TASK STATEMENT:
Take the line containing "Boxy Fit Bluse" and every line below it through the end of the entries, and output them verbatim, pictures excluded.

EXERCISE MATERIALS:
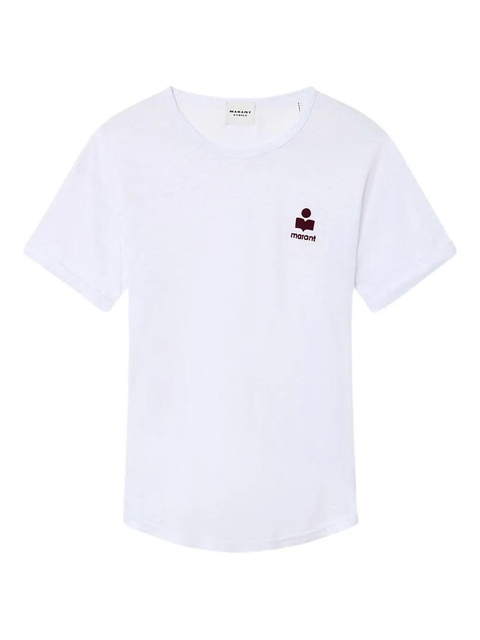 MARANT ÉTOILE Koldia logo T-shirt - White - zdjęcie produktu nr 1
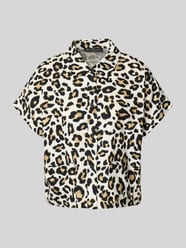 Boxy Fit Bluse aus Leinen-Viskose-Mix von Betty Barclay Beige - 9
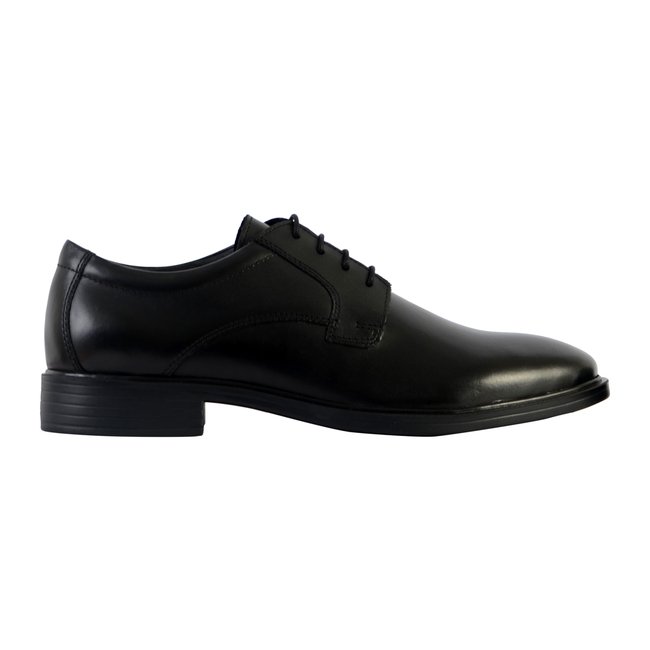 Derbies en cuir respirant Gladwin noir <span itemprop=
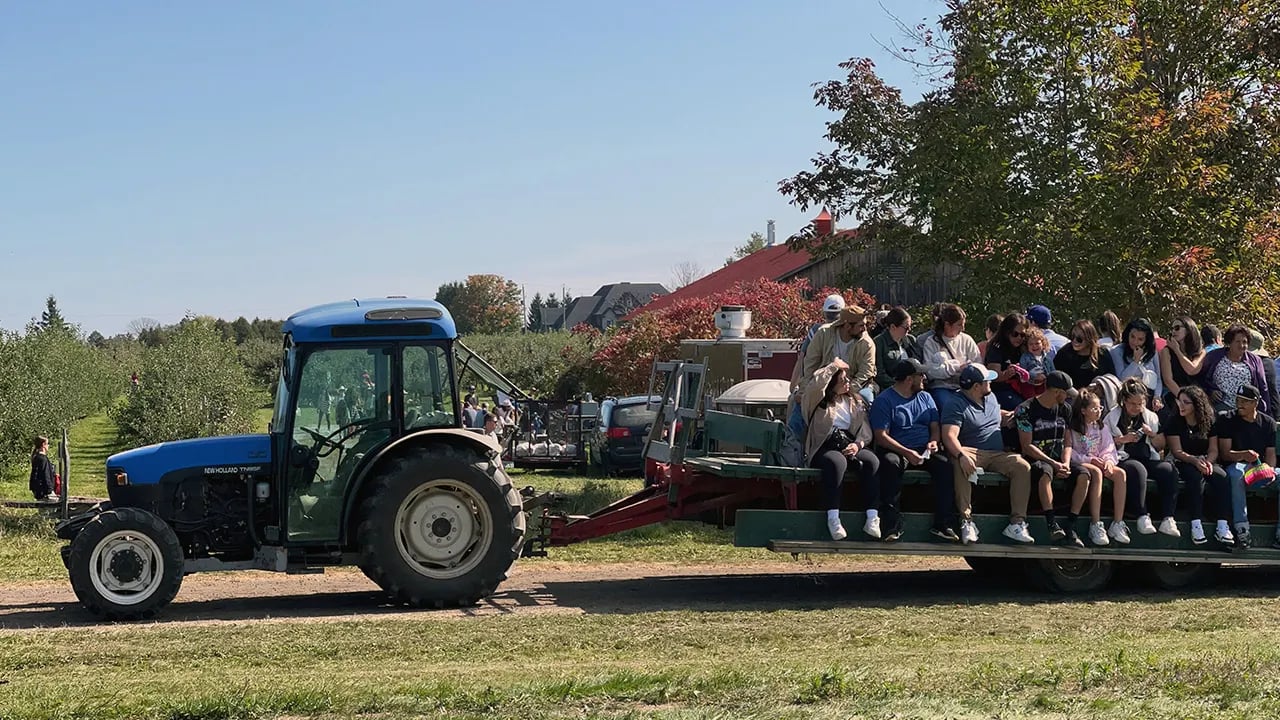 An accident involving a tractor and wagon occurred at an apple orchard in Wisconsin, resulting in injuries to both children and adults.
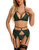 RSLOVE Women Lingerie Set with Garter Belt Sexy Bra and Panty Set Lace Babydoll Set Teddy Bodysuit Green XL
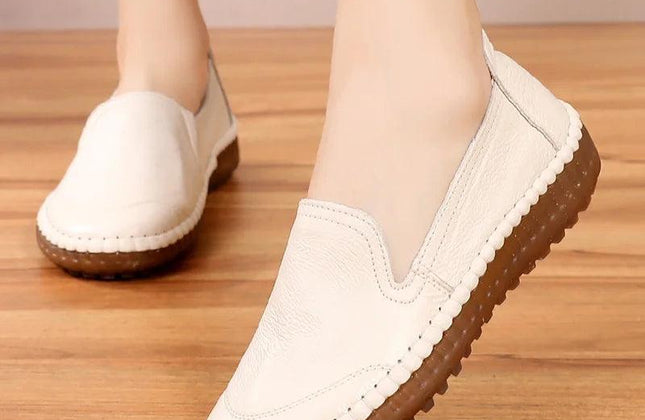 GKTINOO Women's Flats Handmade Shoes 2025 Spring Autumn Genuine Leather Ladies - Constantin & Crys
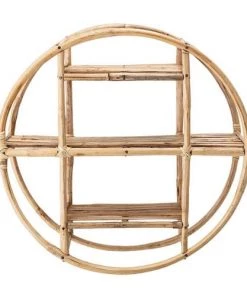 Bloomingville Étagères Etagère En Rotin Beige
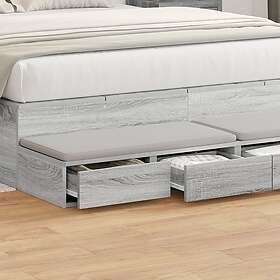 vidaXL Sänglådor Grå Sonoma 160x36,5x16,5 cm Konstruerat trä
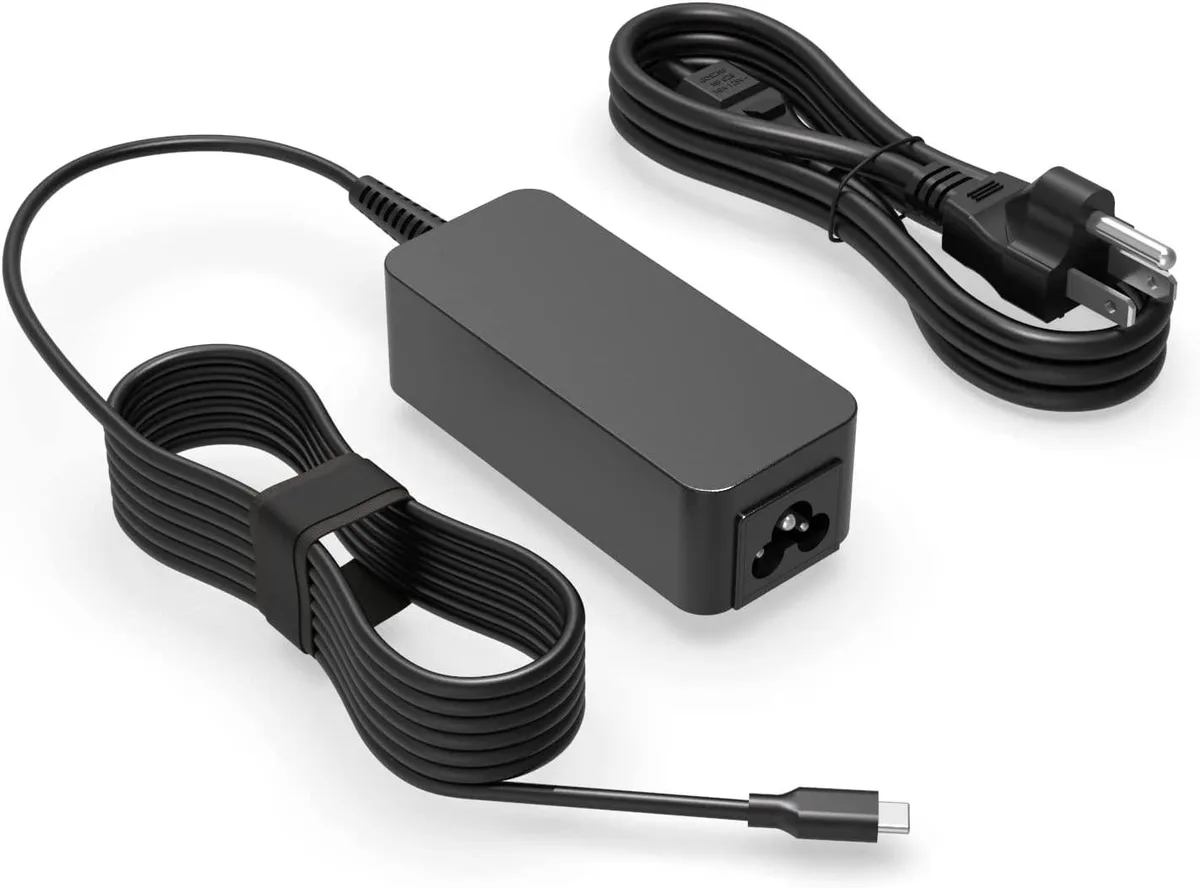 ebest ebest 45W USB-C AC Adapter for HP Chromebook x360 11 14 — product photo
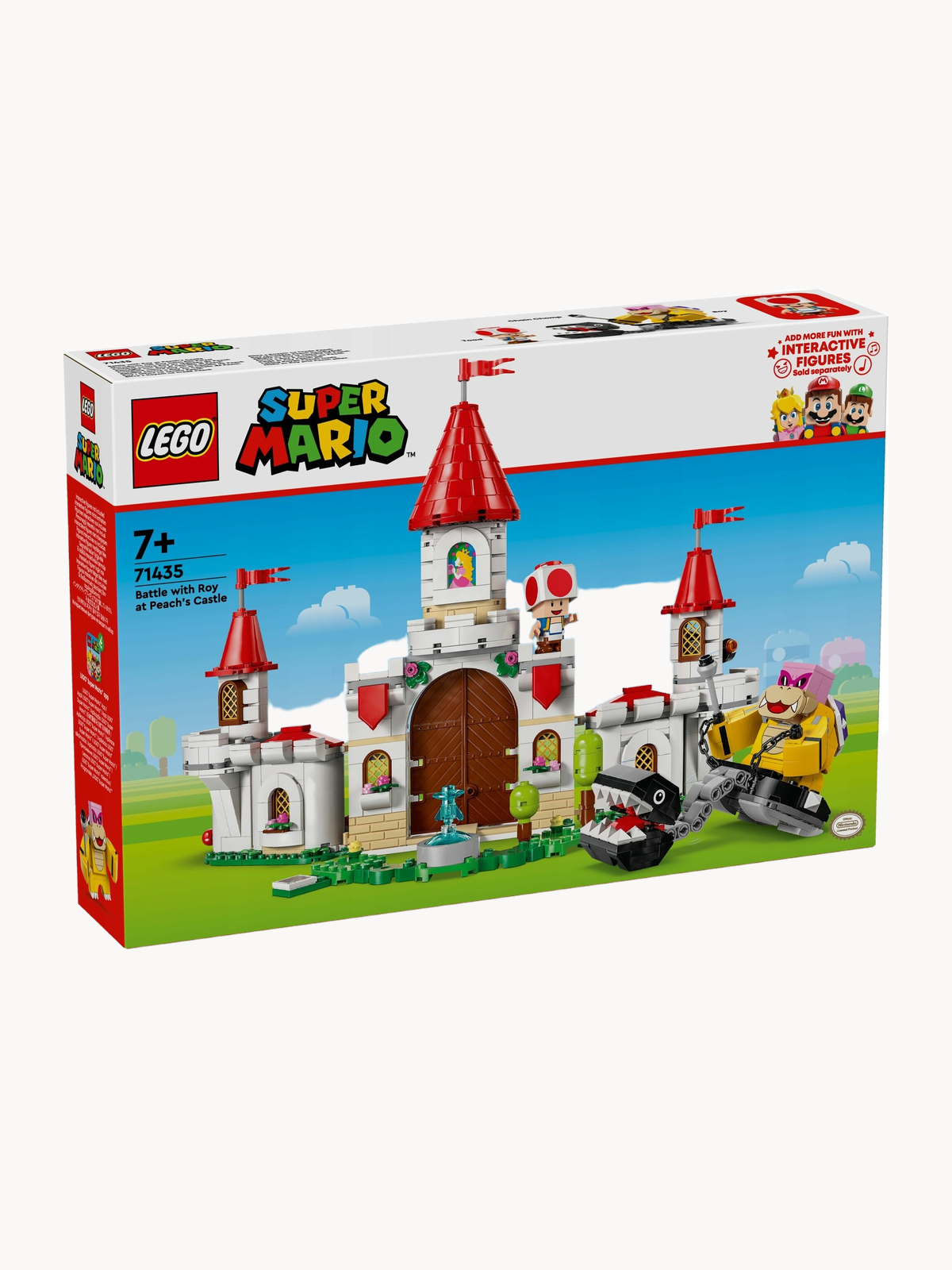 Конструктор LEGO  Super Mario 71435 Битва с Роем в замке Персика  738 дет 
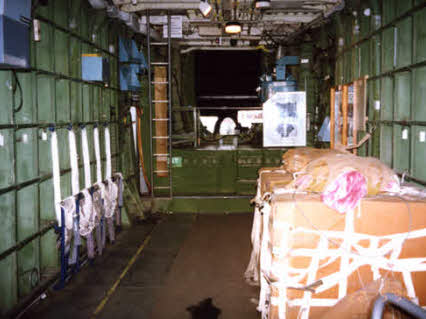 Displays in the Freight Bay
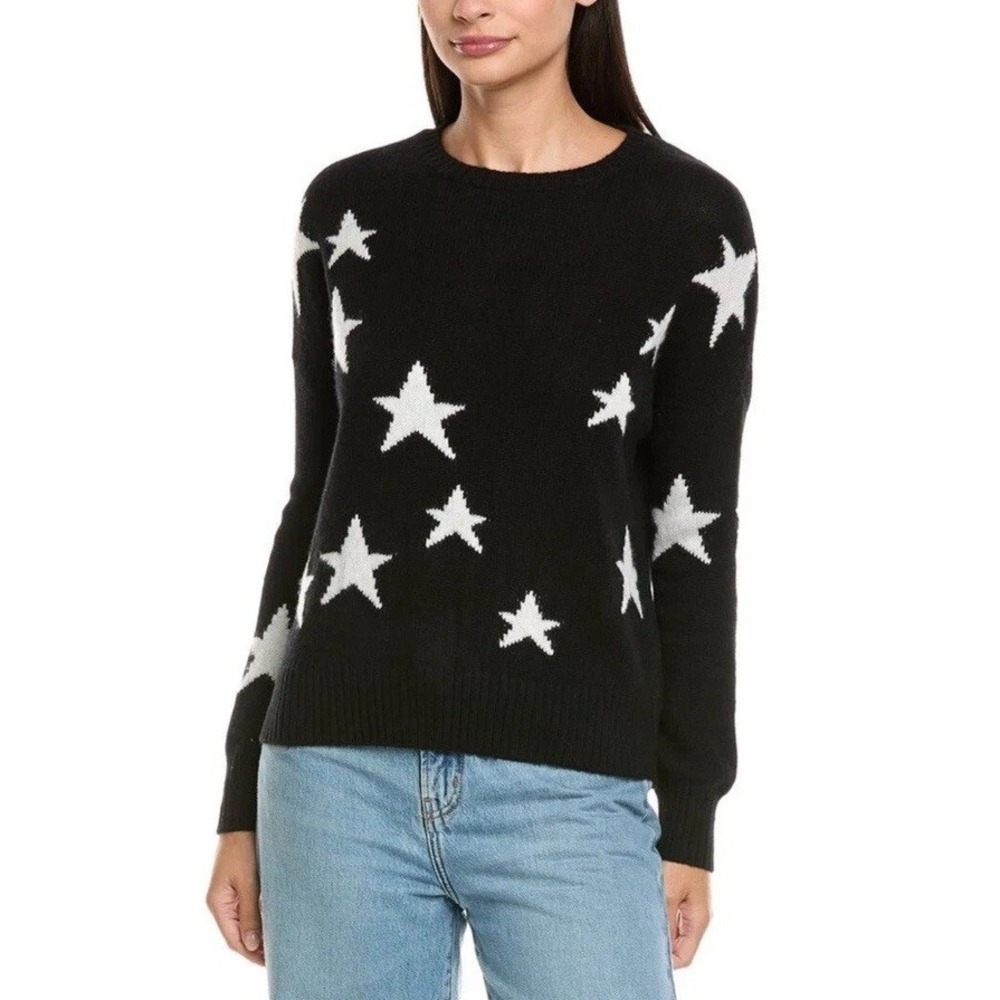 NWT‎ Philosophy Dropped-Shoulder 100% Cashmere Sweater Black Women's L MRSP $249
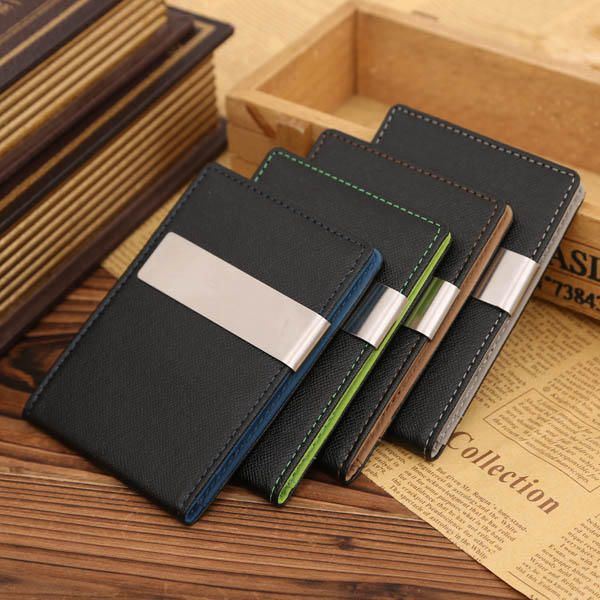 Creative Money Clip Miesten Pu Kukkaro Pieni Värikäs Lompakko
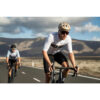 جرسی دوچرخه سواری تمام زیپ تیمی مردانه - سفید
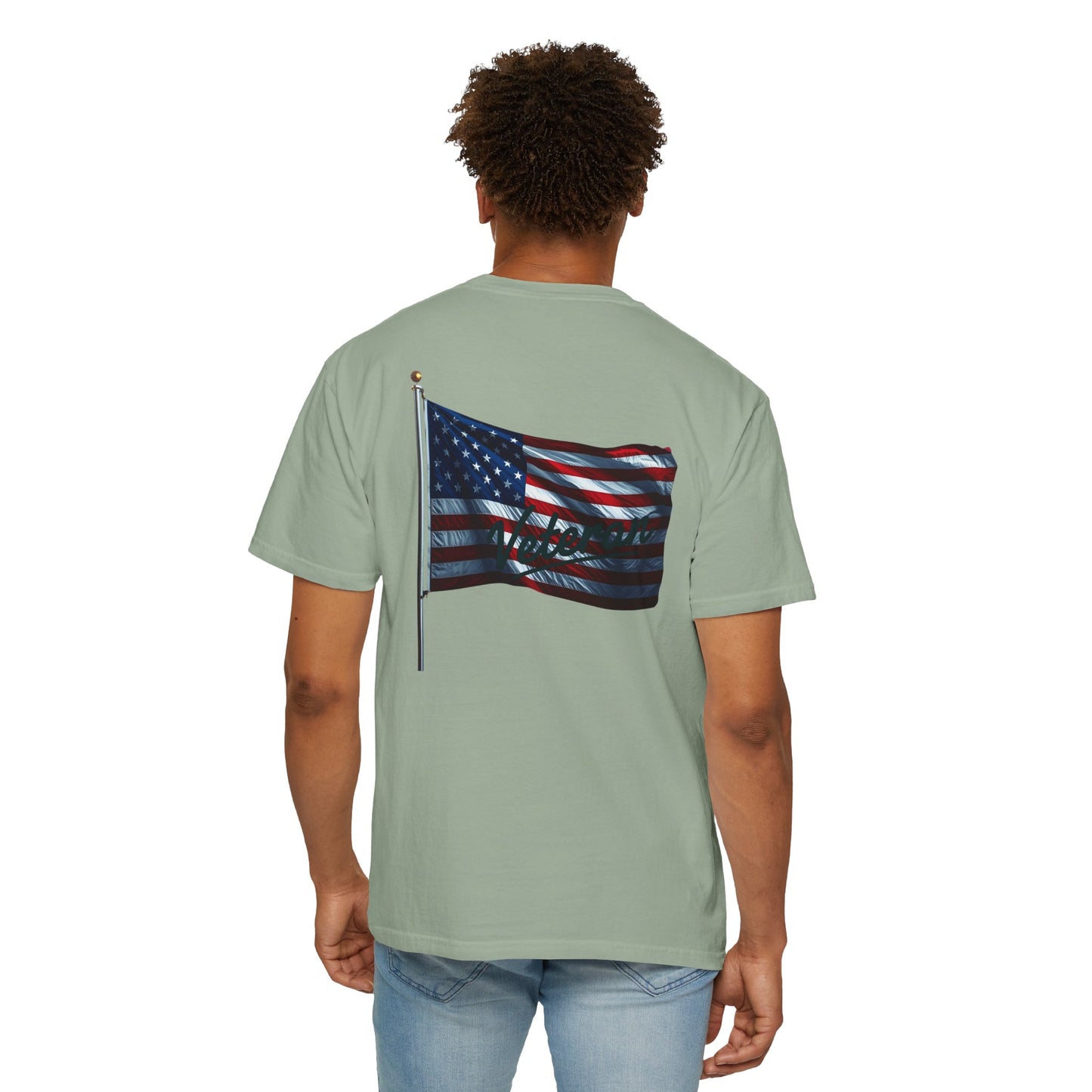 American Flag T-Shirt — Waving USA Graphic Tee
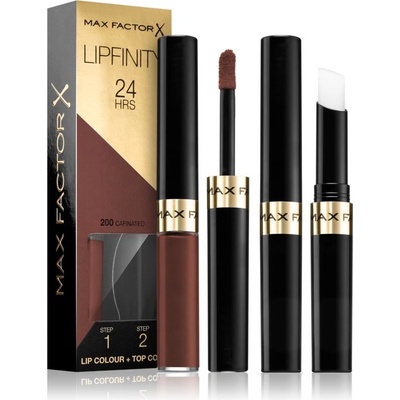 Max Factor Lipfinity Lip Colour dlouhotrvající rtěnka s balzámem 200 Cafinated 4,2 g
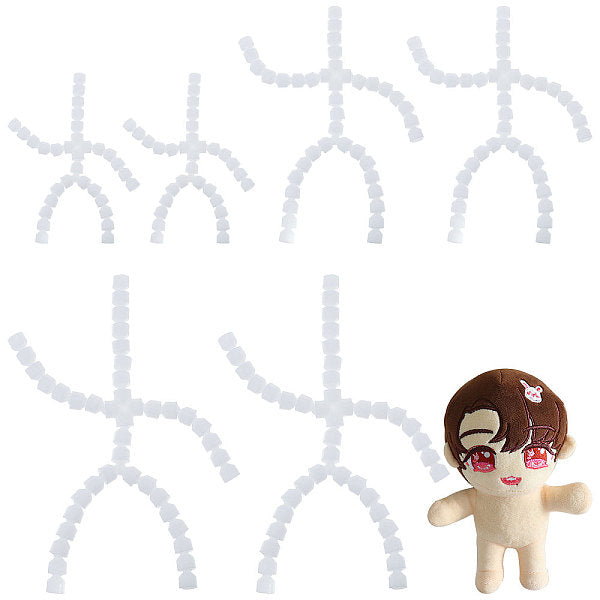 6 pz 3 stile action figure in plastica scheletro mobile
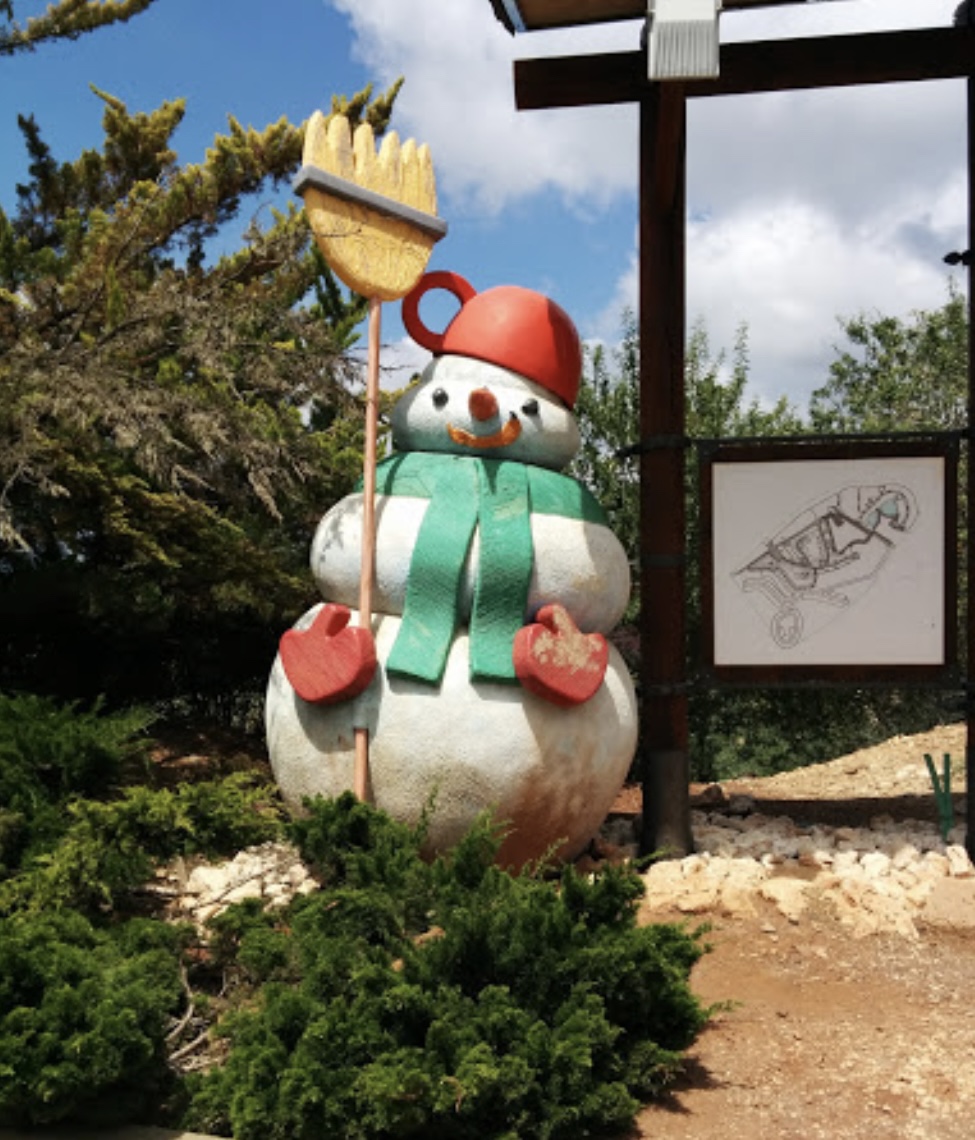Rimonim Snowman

TASK ANSWER:
 Boxy Fit Bluse aus Leinen-Viskose-Mix von Betty Barclay Beige - 9
 Derbies en cuir respirant Gladwin noir <span itemprop=
 An accident involving a tractor and wagon occurred at an apple orchard in Wisconsin, resulting in injuries to both children and adults.
 RSLOVE Women Lingerie Set with Garter Belt Sexy Bra and Panty Set Lace Babydoll Set Teddy Bodysuit Green XL
 GKTINOO Women's Flats Handmade Shoes 2025 Spring Autumn Genuine Leather Ladies - Constantin & Crys
 Bloomingville Étagères Etagère En Rotin Beige
 vidaXL Sänglådor Grå Sonoma 160x36,5x16,5 cm Konstruerat trä
 ebest ebest 45W USB-C AC Adapter for HP Chromebook x360 11 14 — product photo
 Конструктор LEGO  Super Mario 71435 Битва с Роем в замке Персика  738 дет 
 Displays in the Freight Bay
 NWT‎ Philosophy Dropped-Shoulder 100% Cashmere Sweater Black Women's L MRSP $249
 Creative Money Clip Miesten Pu Kukkaro Pieni Värikäs Lompakko
 جرسی دوچرخه سواری تمام زیپ تیمی مردانه - سفید
 American Flag T-Shirt — Waving USA Graphic Tee
 Max Factor Lipfinity Lip Colour dlouhotrvající rtěnka s balzámem 200 Cafinated 4,2 g
 6 pz 3 stile action figure in plastica scheletro mobile
Rimonim Snowman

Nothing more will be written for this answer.